I will attempt to avoid anything resembling Buffy the Vampire Slayer. Also, whatever fan-fiction that was... *shudder*.

The tone is a lot more like X-Files than Buffy, I hope. Two of the PCs are completely unaware of the existence of the supernatural and not inclined to believe in it if they hear or see anything that can possibly be explained away by science or psychology.

Of those two who might accept supernatural explanations; one is a cynical big-city cop who has seen enough unexplained murders, apparent sudden-onset psychosis and horrific motiveless attacks by normal people who do damage out of all proportion to their size and build for him to refuse altogether to examine other explanations. He's started studying the supernatural and since he is a brilliant autodidact who has an extensive background in history and literature, he's a fount of information on the occult in fiction and historical accounts. He doesn't know anything about what actually works, however.

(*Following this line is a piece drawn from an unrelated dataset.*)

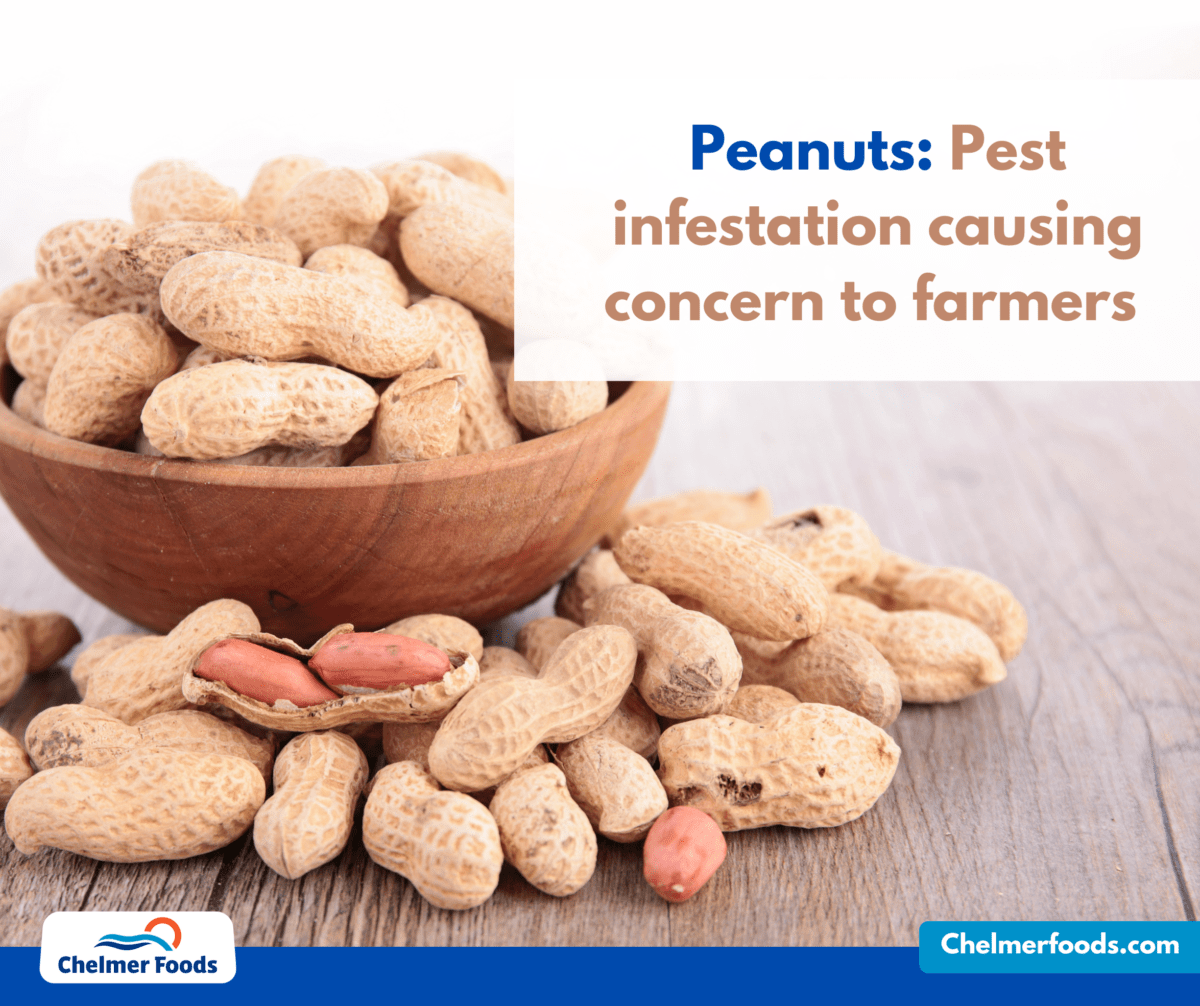 Peanuts: Pest infestation causing concern to farmers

The last PC actually knows a practising magician, his uncle*, an Australian Aborigine elder of the Kalkadoon tribe. He was given a protective stone when he left for Iraq and a cryptic warning about what he would encounter there. In his dreams, he sometimes converses with his uncle and may continue to receive warnings or other information from him.

None of the PCs have actual supernatural powers or are the chosen ones of any friendly supernatural entities. They can't cast spells, use psi or exhibit divine powers.

*Well, the brother of his mother's adopted brother. There is no blood tie, but old 'Munthapanti' (Billy Bundi) calls Taz Walker his 'Little Nephew' and Taz keeps in regular contact with a lot of the extended family of Joey Honey, his mother's adopted brother.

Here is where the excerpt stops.